You are moving in the direction of my own intuitions about youth ministry (and, by extension, ministry in the church as a whole). Two thoughts which (hopefully) might extend the conversation:

First, the church youth group (up through high school) in the parish where I first became a Christian was pretty mediocre. I was baptised at age 16, started out great guns, and by the time I was 18 or so I wanted to chuck it all and move on to something more sophisticated. What happened to change that was that I became a member of a college-age group at church that challenged me personally and also questioned the culture around me. At that same time, I became involved in an InterVarsity group at university, which also challenged me to grow in my spiritual practices, as well as intellectually. I suppose in some way I owe these two groups my life, as I would not be who I am today without them. They respected me enough as a person to engage me and to challenge me. They were not afraid to interact with me or ask hard questions or lead me somewhere new (with the inevitable give-and-take that such leading involves). They also cared deeply about me, and were willing to tell the truth, even when that was hard. They gave me something solid, and worth wrestling with. So you can see which side I weigh in on, based on my experience.

My second thought is this: a few members of those groups found it difficult to find their places in the church following these formative experiences, because they seemed to speak a different language and operate at a different level of intensity than the other adult members, who had been formed in more traditional ways. All of which is to say that when we look at youth ministry -- or baptismal formation -- there can sometimes be a disconnect between more intentional, challenging, holistic means of formation and the larger body that we are ingrafting these people into. And I don't have a simple answer for how to redress this tension, although it seems important to do so.



Wow, there's a lot of different threads of thought in there... I'll try and comment on some of them.

I think one of the reasons that churches want to entertain rather than disciple, is because leaders are mostly pretty insecure about what they believe themselves. Most youth leaders are not theologically trained, even a tiny bit... normally the qualification is "you're an 'older youth'" or "you're a parent of someone in the youthgroup".
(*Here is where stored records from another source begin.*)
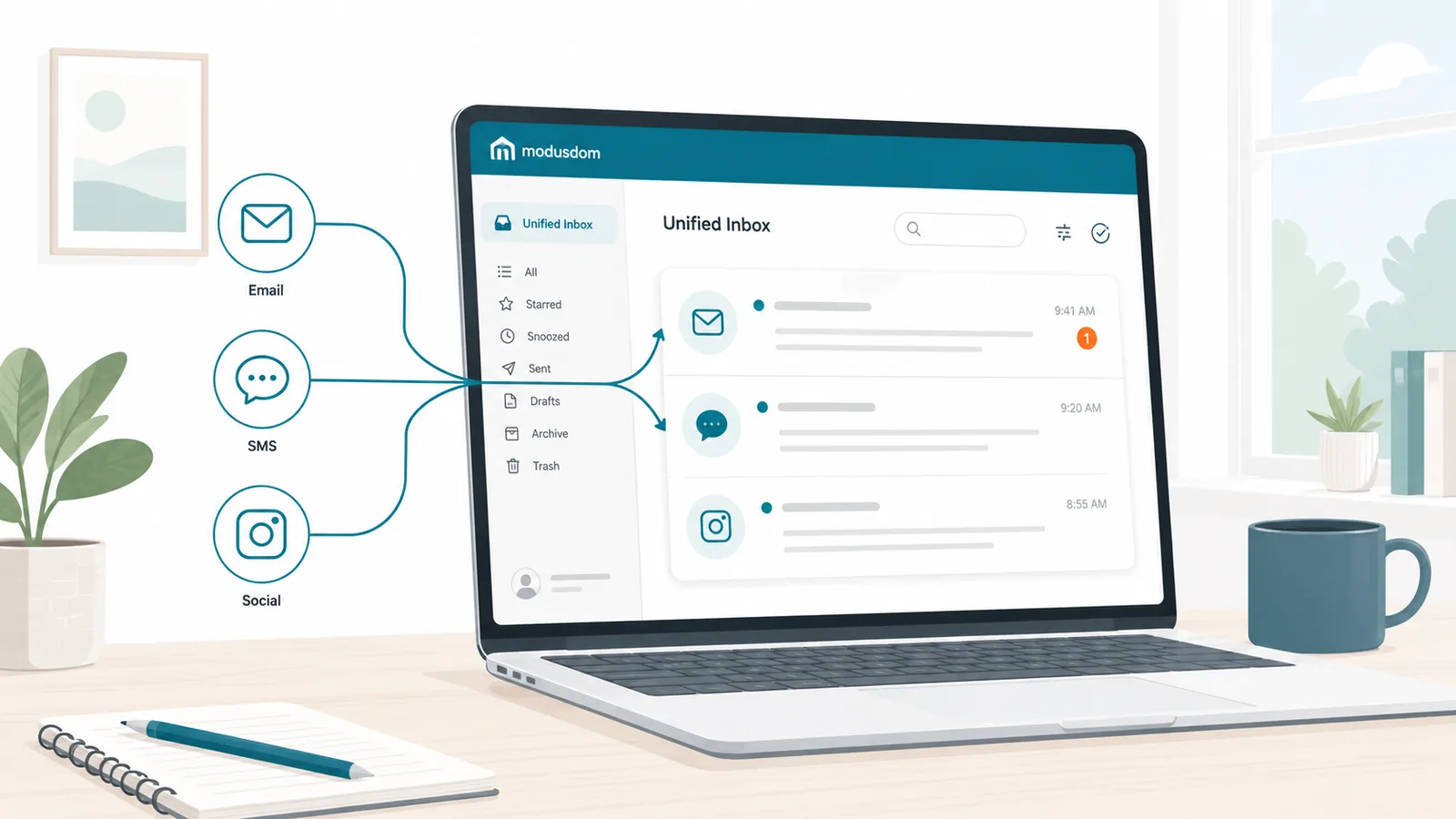 Unified inbox interface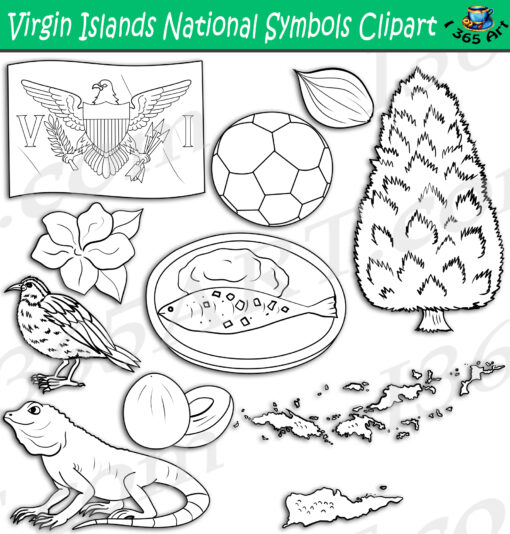 Virgin Islands National Symbols Clipart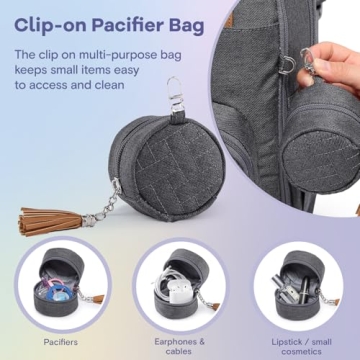 RUVALINO Diaper Bag Backpack for Moms and Dads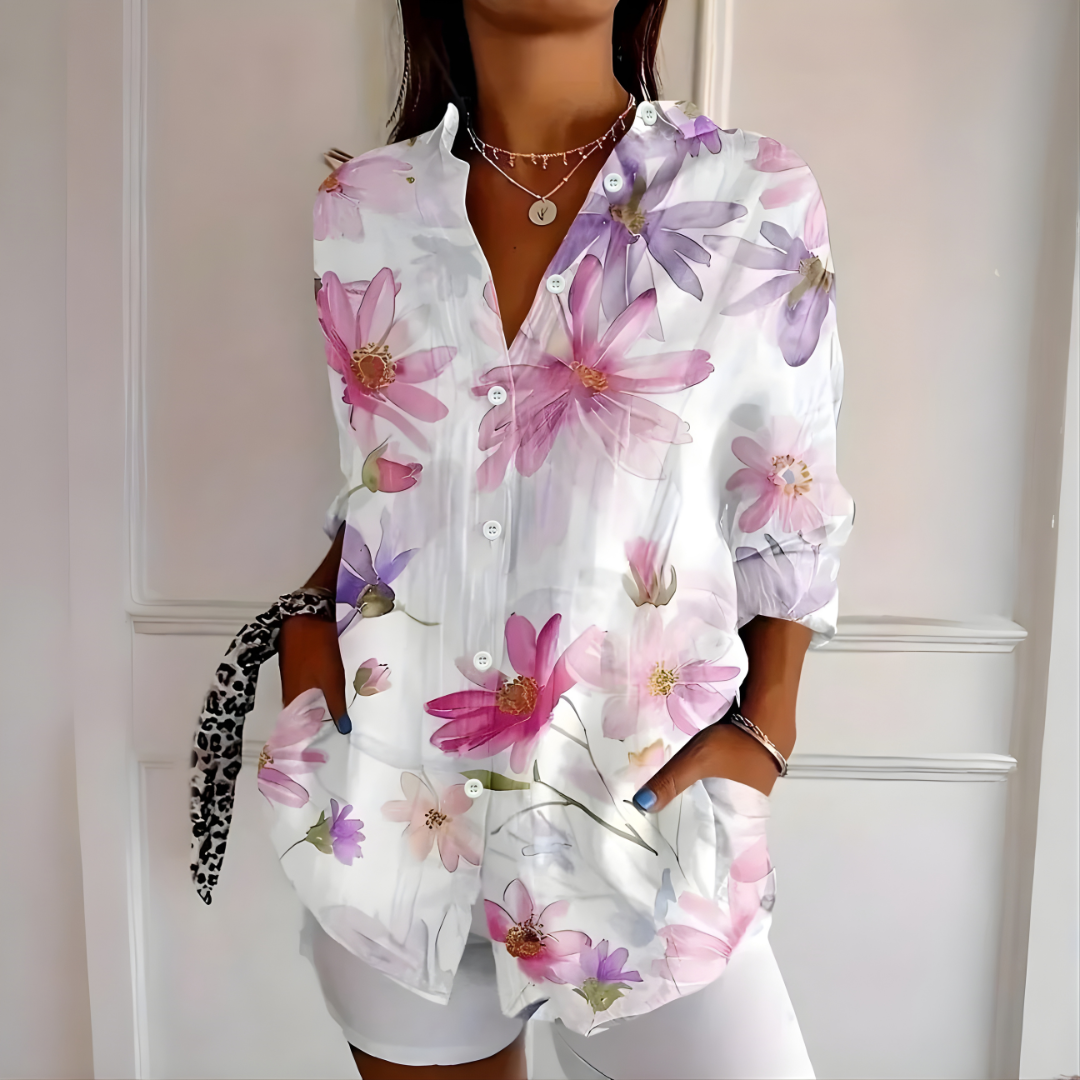 Arleth Colorful Pattern Blouse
Even those who are "trained youth workers" are not necessarily theologically trained... most of the qualifications would be suitable for use in a non-church group too.

We don't want to teach our kids too much deep theology because they will rock the boat. Teach them too much, and they will be equipped to challenge the system, and, secretly, we all believe the system is flawed. This is probably more rife in the types of churches that aren't very flexible doctrinally. There's a whole underlying theology in a lot of our more evangelical churches that we don't really like, and don't really want to tell the kids about in case they don't like it, because they're "not grown up enough to just accept it."

Like PSA, or maybe Unconditional Election or whatever. None of us really like it, and so we don't like talking about it. And for those of us who disagree with it properly, rather than accepting it, there's always a danger of annoying the boss.

On the secular/ Christian divide, I only ever hear it brought u[p in a derogitary way. Steve makes some interesting observations here about this... the seeming demonising of "secular activities" by church folk. A lot of leaders will whine about how noone comes to the 25 weekly prayer meetings, and part of me thinks "yeah, we have a life." It is frowned upon to be on the pub quiz team, or to do badminton twice a week, or to learn T'ai Chi, or do anything that isn't a church activity.

And so the people who want to have a life outside church will keep it a little quiet. They won't talk about it unless they're asked, because they don't want to feel everyone's looking down on them for being "of the world" or whatever.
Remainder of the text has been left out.